#### Data shown
"""

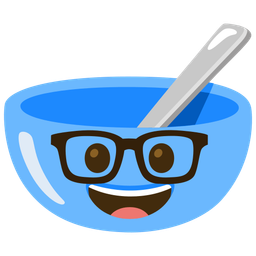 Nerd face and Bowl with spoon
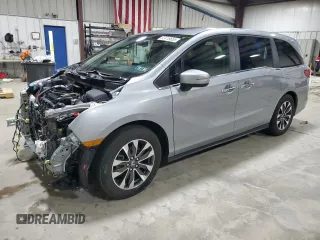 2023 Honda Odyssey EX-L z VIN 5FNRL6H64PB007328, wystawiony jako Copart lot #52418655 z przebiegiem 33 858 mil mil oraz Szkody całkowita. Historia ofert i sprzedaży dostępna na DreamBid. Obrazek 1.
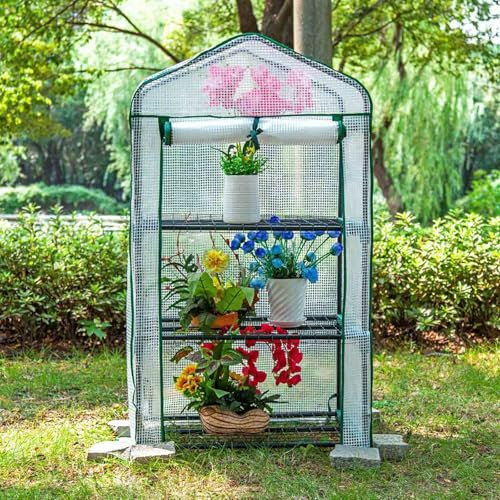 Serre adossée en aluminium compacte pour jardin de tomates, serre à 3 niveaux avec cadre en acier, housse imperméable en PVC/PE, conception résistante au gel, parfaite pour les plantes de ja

"""

Exactly as written, repeat the lines of the material above from the first through the line holding "2023 Honda Odyssey", with both ends in the copy and no pictures.

 Nerd face and Bowl with spoon
 2023 Honda Odyssey EX-L z VIN 5FNRL6H64PB007328, wystawiony jako Copart lot #52418655 z przebiegiem 33 858 mil mil oraz Szkody całkowita. Historia ofert i sprzedaży dostępna na DreamBid. Obrazek 1.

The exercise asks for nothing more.